机器学习代写: Vandalism Detection

Vandalism Detection (WSDM Cup 2017)

1.Project Objectives

Wikidata is the new, large-scale knowledge base of the Wikimedia Foundation which can be edited by anyone. Its knowledge is increasingly used within Wikipedia as well as in all kinds of information systems, which imposes high demands on its integrity. Nevertheless, Wikidata frequently gets vandalized, exposing all its users to the risk of spreading vandalized and falsified information.

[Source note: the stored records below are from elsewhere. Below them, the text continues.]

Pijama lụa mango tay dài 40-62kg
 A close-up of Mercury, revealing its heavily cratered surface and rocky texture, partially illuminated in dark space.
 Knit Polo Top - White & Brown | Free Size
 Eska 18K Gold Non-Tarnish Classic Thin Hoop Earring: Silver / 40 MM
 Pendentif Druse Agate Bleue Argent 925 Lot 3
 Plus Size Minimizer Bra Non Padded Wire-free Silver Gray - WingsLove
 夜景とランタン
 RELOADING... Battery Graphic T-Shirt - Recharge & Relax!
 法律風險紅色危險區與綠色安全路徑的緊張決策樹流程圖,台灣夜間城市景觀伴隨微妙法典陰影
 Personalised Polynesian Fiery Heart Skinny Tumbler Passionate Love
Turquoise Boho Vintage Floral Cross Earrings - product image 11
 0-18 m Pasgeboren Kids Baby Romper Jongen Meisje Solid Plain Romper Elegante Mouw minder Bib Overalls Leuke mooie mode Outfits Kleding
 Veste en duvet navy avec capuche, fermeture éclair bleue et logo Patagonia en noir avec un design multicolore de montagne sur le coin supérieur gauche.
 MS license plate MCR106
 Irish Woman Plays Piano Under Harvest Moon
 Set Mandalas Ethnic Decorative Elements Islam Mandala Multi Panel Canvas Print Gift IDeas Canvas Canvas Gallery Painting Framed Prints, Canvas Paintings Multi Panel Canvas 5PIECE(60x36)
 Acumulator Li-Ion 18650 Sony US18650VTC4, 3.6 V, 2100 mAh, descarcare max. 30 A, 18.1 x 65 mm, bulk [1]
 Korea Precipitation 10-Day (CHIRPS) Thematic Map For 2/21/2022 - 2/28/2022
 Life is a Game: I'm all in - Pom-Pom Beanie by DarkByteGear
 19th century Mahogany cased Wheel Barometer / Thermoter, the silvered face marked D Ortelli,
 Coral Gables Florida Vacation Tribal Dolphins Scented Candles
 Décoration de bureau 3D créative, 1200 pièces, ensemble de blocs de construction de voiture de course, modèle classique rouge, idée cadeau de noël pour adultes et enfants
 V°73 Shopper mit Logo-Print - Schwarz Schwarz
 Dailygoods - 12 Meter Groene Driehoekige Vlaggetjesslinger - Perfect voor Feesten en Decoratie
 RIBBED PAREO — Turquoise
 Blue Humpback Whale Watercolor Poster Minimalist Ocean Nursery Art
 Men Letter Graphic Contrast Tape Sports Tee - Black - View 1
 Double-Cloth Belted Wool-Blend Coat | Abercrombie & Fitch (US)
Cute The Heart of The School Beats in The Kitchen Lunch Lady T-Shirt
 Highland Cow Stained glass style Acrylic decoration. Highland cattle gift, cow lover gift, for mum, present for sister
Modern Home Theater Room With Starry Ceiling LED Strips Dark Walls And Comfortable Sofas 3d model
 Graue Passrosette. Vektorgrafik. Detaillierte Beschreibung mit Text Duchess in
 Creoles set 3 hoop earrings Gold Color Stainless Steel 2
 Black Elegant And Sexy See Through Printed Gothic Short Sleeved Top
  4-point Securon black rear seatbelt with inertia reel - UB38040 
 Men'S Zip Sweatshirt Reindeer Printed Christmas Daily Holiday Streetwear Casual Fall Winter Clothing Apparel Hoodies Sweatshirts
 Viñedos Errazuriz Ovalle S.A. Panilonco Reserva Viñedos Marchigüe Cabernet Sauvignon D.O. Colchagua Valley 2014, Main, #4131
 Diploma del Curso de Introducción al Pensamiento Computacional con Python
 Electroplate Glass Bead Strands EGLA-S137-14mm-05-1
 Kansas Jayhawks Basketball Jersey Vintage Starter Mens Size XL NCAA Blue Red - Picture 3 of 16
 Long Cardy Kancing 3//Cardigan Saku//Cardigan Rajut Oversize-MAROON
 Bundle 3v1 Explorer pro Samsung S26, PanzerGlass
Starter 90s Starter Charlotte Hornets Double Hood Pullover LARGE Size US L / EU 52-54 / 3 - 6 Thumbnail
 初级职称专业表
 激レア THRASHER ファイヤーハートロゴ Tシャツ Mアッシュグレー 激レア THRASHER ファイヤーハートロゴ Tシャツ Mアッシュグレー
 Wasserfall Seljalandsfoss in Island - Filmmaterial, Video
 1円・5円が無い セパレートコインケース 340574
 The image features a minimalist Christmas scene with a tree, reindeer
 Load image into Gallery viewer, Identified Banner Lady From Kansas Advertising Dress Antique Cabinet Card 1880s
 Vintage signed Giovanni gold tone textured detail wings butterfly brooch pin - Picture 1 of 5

The goal of the vandalism detection task is to detect vandalism nearly in real time as soon as it happens. Hence, the following rules apply:

  • Use of any additional data that is newer than the provided training data is forbidden. In particular, you may not scrape any Wikimedia website, use the API,                the dumps, or any related data source to obtain data that is newer than February                   29, 2016.
  • You may use sources of publicly available external data having to do with geographical information, demographic information, natural language processing,                etc. This data must not relate to the specific revision label (vandalism vs regular). 2. Dataset and Evaluation

2.1 Dataset

To develop your software, we provide you with a training, validation and test corpus that consists of Wikidata revisions and whether they are considered vandalism. For detailed information and downloading the data, please check this link: http://www.wsdm-cup-2017.org/vandalism-detection. html.

For each Wikidata revision in the test corpus, your software shall output a vandalism score in the range [0,1]. The output shall be formatted as a CSV file in the format RFC4180 and consist of two columns: The first column denotes Wikidata’s revision id as an integer and the second column denotes the vandalism score as a float32.

2.2 Evaluation

ROC-AUC as primary evaluation measure. For informational purposes, you might compute further evaluation measures such as PR-AUC and the runtime of the software.

3 Grading Policy

Final grade of this project will be given based on your team’s evaluation scores in experiments, implementation and the final report. TAs will read your instructions on the report to run your code and test your program. Please make sure you write clear instructions.